As a candidate, Obama opposed the use of "enhanced interrogation techniques," which he called torture, and described Guantanamo Bay as a recruiting tool for al-Qaida. In 2009, his attorney general, Eric Holder, reopened criminal investigations of CIA interrogators who had been investigated previously but, for good reason, were not charged.
Yet in the white paper, Holder's Justice Department signed off on Obama's or "an informed high-level" official's ordering the death of Americans who pose an "imminent threat" abroad. The paper also loosened the definition of "imminent threat."
"What's the greater deprivation of liberties," asked University of California, Berkeley law professor John Yoo -- who wrote some of the Bush Justice Department's legal opinions that authorized CIA use of enhanced interrogation techniques -- waterboarding or incinerating?

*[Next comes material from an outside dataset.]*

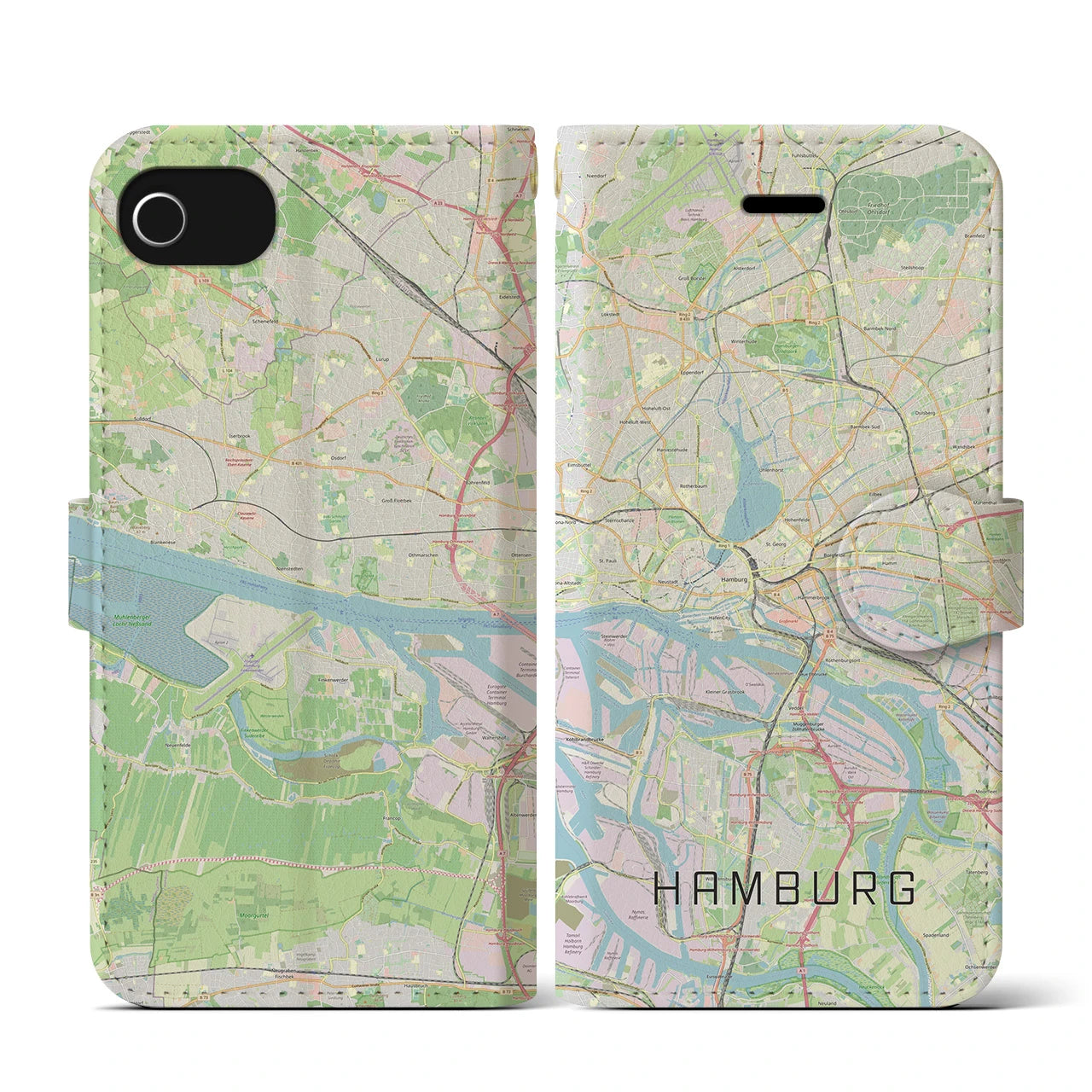 【ハンブルク(ドイツ)】地図柄iPhoneケース(手帳タイプ)ナチュラル・iPhone SE(第3 / 第2世代) / 8 / 7 / 6s / 6 用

I'd say the latter. I'd add that the CIA waterboarded three top al-Qaida detainees and then stopped the practice in 2003. The apoplectic left demanded investigations and prosecutions.
Those concerned about the Bush policies, ACLU attorney Hina Shamsi noted, "should be just as concerned, if not more, with (the paper's) claim of expansive killing authority far from any battlefield."
Under Obama, The New York Times reports, U.S. drone attacks have killed at least 24 people in Yemen in this year alone. Some were innocent. Yet there have been no congressional hearings.
After the 2011 drone strike in Yemen that killed three Americans -- al-Qaida operative Anwar al-Awlaki, his 16-year-old son and radical cleric Samir Khan -- Senate committees requested an explanation. In June, the Department of Justice responded with this unclassified document.